Rudyard Kipling, um dos autores mais lidos (e pirateados) na virada dos séculos XIX e XX, escreveu em The Uses of Reading (Os usos da leitura), capítulo de A Book of Words (Um livro de palavras), que “apenas quando lemos o que foi escrito há muito tempo, compreendemos quão moderno é o melhor das coisas antigas”. Se Kipling, o mais assombrado de todos os escritores ingleses, premonitoriamente, advogava em causa própria, não o sabemos. Concluímos apenas que se o fez, não estava errado.


Por C. S. Soares

Era uma vez e outra e outra mais. Assim como nos contos infantis dissimulamos nossos medos e enquanto eles existem os dissimulamos. Na obra de certos escritores como Rudyard Kipling, inglês nascido em Bombaim, Índia, é tênue a divisória entre as histórias infantis e os mais aterrorizantes contos de terror.

Em Something of Myself (Algo de mim mesmo), autobiografia póstuma e incompleta, lançada em 1937, Kipling aconselha “Quando o seu demônio está no comando, não queira pensar conscientemente. Solte-se, espere e obedeça”.

Com a suposta garantia (e líquida segurança) de que a seqüência de cenas se desenrolará em um tempo indeterminado (uma pseudo-garantia da chave de abertura “era uma vez”), a imaginação de crianças (e adultos) tem a possibilidade de se livrar da realidade dura, acachapante e inevitável.

Pode-se achar sinal de fraqueza, aceitar, resignadamente, que “o que não existe, pode muito”, como costuma repetir um amigo meu (assinalando o quanto podemos ser assombrados por nossos pesadelos, inclusive literários), mas também se transforma na força (a imaginação é construtora) de um símbolo, de uma metáfora (era uma vez, quantas vezes quisermos), que revelará indiretamente, pois diz sem ameaçar, como enfrentar de peito aberto, às vezes com grande dose de ironia suicida até, os nossos mais assustadores medos.

Os contos (os infantis e os assombrados) nos ajudam a representar simbolicamente esses medos.

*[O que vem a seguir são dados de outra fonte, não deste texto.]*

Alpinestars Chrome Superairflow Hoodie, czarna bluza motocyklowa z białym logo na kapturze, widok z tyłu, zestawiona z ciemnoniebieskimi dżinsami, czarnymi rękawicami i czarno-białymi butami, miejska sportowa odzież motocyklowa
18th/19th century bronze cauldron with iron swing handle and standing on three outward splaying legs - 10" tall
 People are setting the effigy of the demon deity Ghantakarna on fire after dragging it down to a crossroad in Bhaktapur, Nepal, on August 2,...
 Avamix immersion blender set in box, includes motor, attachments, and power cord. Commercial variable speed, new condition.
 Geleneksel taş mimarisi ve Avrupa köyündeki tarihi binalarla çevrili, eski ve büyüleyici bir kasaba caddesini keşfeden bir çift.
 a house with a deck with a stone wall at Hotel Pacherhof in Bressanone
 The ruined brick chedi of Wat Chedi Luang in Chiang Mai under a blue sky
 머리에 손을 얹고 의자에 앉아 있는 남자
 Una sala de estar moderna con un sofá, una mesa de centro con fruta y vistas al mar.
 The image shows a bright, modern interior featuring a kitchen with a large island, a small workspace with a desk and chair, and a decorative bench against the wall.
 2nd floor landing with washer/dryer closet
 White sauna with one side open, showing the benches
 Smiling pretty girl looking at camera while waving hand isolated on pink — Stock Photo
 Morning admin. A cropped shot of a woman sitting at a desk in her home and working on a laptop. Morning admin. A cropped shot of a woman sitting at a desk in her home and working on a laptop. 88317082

Kipling, como poucos, o sabia. A reparação pelo final feliz ou não (ou mesmo em suspensão), aproximam a estrutura dos seus contos, da de um sonho, com deslocamento e condensação.

Jorge Luis Borges (como não lembrá-lo?), em 26 de março de 1937, toma emprestado de Marc Twain, “que tantas noites se debruçou sobre o problema da autobiografia”, um pensamento e o aplica à mesma “Something about myself” que venceu Kipling: “Não é possível que um homem conte a verdade sobre si mesmo, ou que deixe de comunicar ao leitor a verdade sobre si mesmo”.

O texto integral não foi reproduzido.